He strengthened the controversial colonial time blasphemy law. He introduced five new clauses related to Islam, making offenses such as defiling the Koran, insulting the Prophet of Islam or using derogatory language against certain religious figures punishable by law. These measures not only changed Pakistan’s political landscape but further divided it.

During his years in office, from 1977 to 1988, there was a dramatic surge in blasphemy cases. Islamabad-based Centre for Research and Security Studies (CRSS) reported more than 80 blasphemy cases were registered during that era. This contrasted the period between 1860 and 1947, when Pakistan gained independence from British rule and separated from United India, during which only seven cases of blasphemy were recorded.

The situation deteriorated and took an uglier look in the 1990s after a ruling by a higher Islamic court in 1991, which mandated the death penalty for insulting Islam’s prophet. Since 1990s, at least 82 individuals have been killed by mobs due to blasphemy accusations in Pakistan.

Increase in blasphemy cases

Only Between 2011 and 2015, 1,296 blasphemy cases were registered in Pakistan. And the number keeps going each year. According to the country`s independent rights watchdog, the Human Rights Commission of Pakistan, only in 2021, 585 cases were registered in the country’s most populous province of Punjab under blasphemy law, which has become a centre of faith-driven politics recently.

Marvi Sirmed, a social democrat, advocating for secular polity and minority rights in Pakistan says this is partly due to the rise of religious extremism, which is strongly linked to the Pakistani establishment’s reliance on political Islam and religious narratives for controlling politics domestically and conducting national security and foreign policies.

In Punjab, Imran Khan embodies Islam-driven politics. From a playboy cricket celebrity married to a British heiress to a conservative populist — dubbed “Taliban Khan” by rivals — he has staunchly defended Islam and Pakistan’s notorious blasphemy law during his election campaigns in Punjab. In the 2013 and 2018 political campaigns, particularly in Punjab, Khan — now incarcerated on corruption charges — repeatedly pledged to establish a welfare state akin to the Islam Prophet’s seventh century Riyasat-E-Madina (State of Madina). Early in his political career, Khan faced accusations of being a Jewish agent due to his marriage to British socialite Jemima Goldsmith in 1995. His marriage to Jemima Goldsmith ended in 2004. At the time, Khan said: “My political life made it difficult for her to adapt to life in Pakistan.”

Khan, who during his election campaign vowed to protect Pakistan’s blasphemy law despite rights groups’ calls for its repeal, now faces those charges himself. Khan has well understood the mentality and psyche of Pakistanis. He is married to a woman now who wears a Burqa. She is known as a practicing Muslim. When he was the prime minister, Khan called for a ban on “Islamophobic content” on Facebook. He repeatedly criticized the West, including French President Emmanuel Macron, for rising religious intolerance at home.

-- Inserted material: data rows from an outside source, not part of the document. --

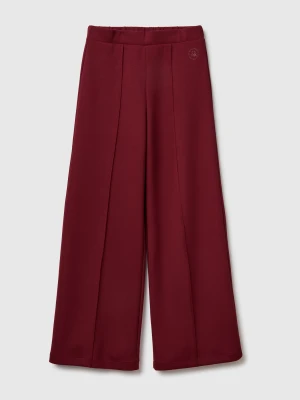 Benetton, Trousers In Modal Blend, Size: S, Burgundy, Women United Colors of Benetton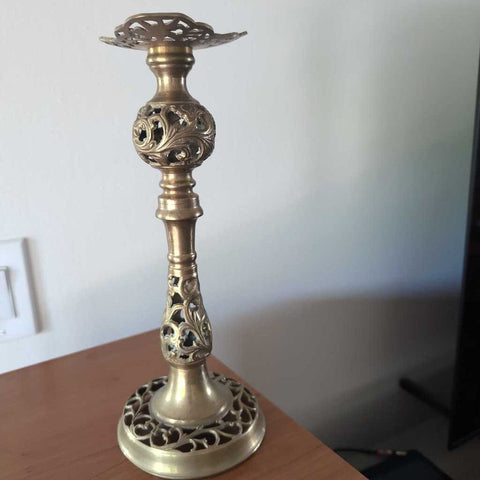 Large Vintage Brass Candlestick. 12 inches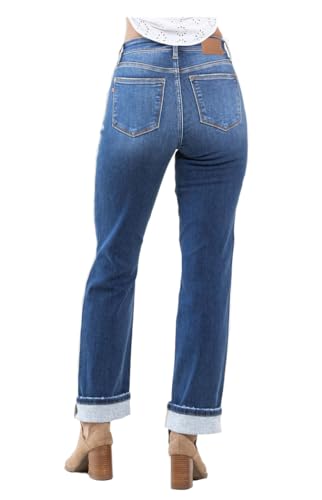 Judy Blue High Waist Contrast Wash Thermal Straight Leg Jeans, 825612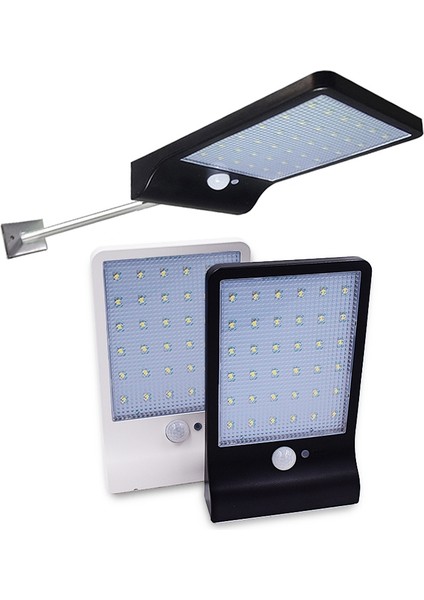 450LM 36LED Solar Sokak Lambası Montaj Çubuğu Spor Işık Hareket Sensörü Işık Bahçe Duvar Lambası Beyaz (Yurt Dışından)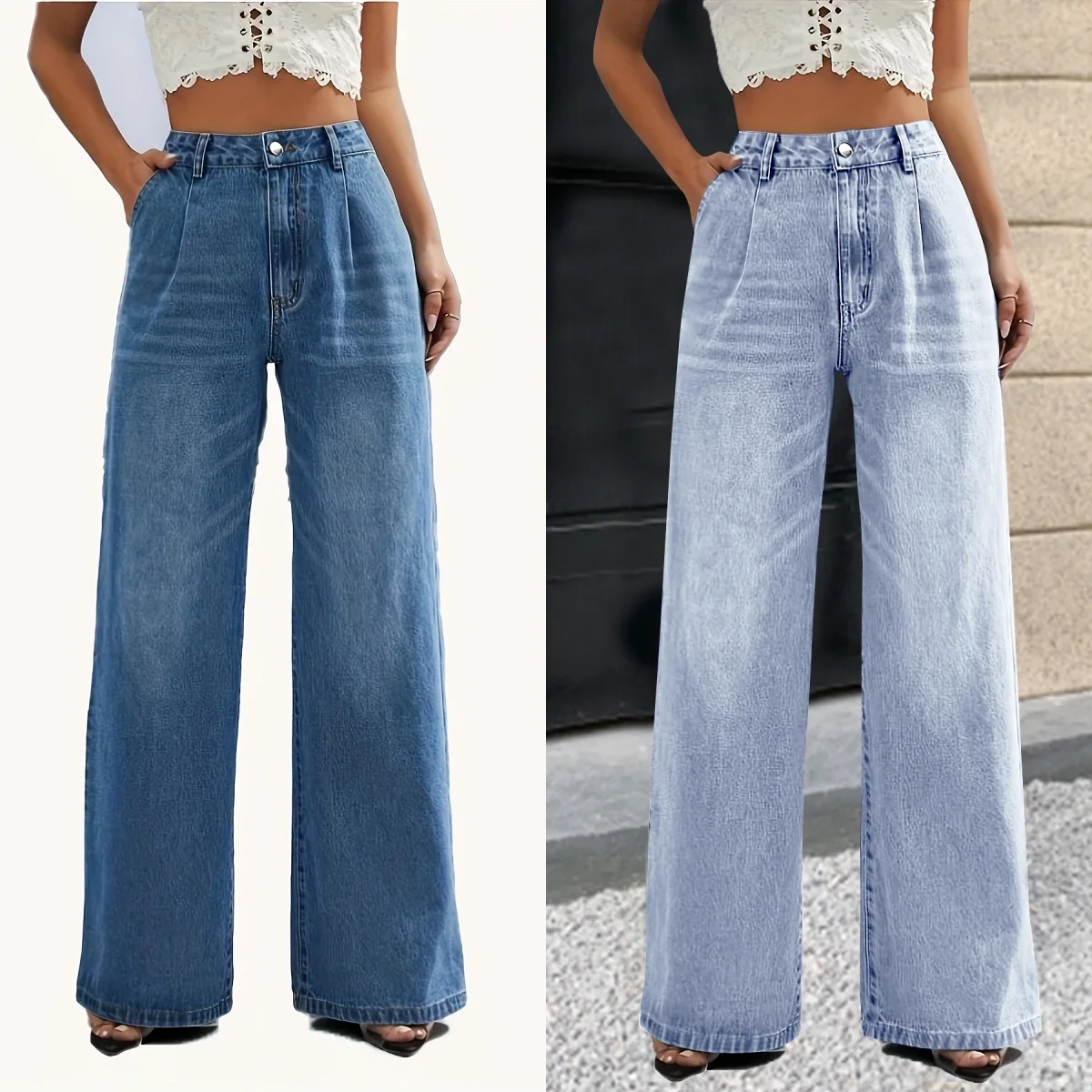 

New women's cross-border European and American style solid color jeans women's straight wide leg pants casual all-match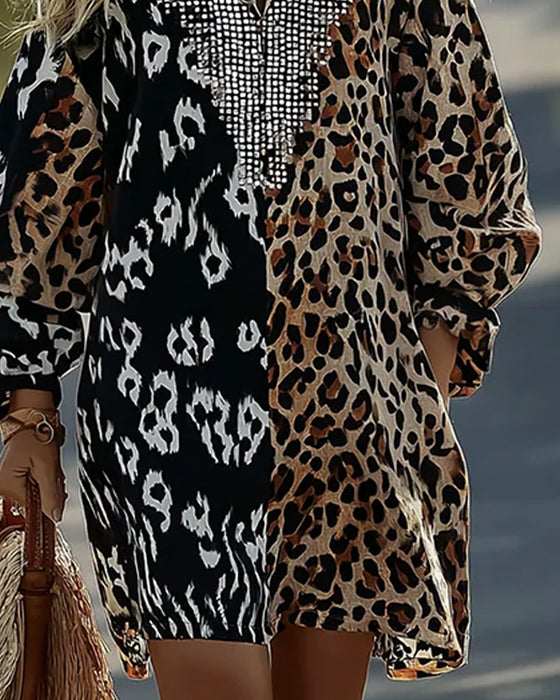 Kjole Farve Blok Leopard Tryk Kort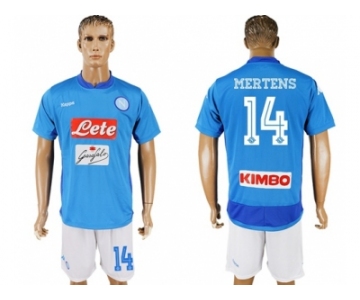 Naples #14 Mertens Blue Home Soccer Club Jersey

Given Khan’s popularity, other Pakistani politicians also now use Islam for political gains, as evident from the recent statement of the outgoing Prime Minister Shahbaz Sharif. He released a statement amid a violent attack on Christians in his native Punjab while condemning the desecration of the Koran in Sweden and staying silent on church vandalism in Faisalabad.

Sirmed believes one reason for this could be the gradual decline of secular political parties in Pakistan. She said religion has been made the central point of all politics domestically and in foreign policy for such a long time.

“I would say for the entire existence of Pakistan,” she said, “the natural outcome would be that every party or group or movement or individual will have to not just include but increasingly rely on the religious angle in order to attract popular support and military establishment’s blessings.”

This is precisely what is happening in present-day Pakistan where not only non-Muslims Hindus and Christians are consistently attacked, but Muslims such as Shiites too. Jaffar Abbas Mirza, a researcher working on a doctorate at London’s King’s College on Shiite Islam, noted that anti-Shiites have always been part of Muslim history. He said that before the partition of united India, Takfir (the practice of one Muslim declaring another Muslim, an infidel) against Shiites was there.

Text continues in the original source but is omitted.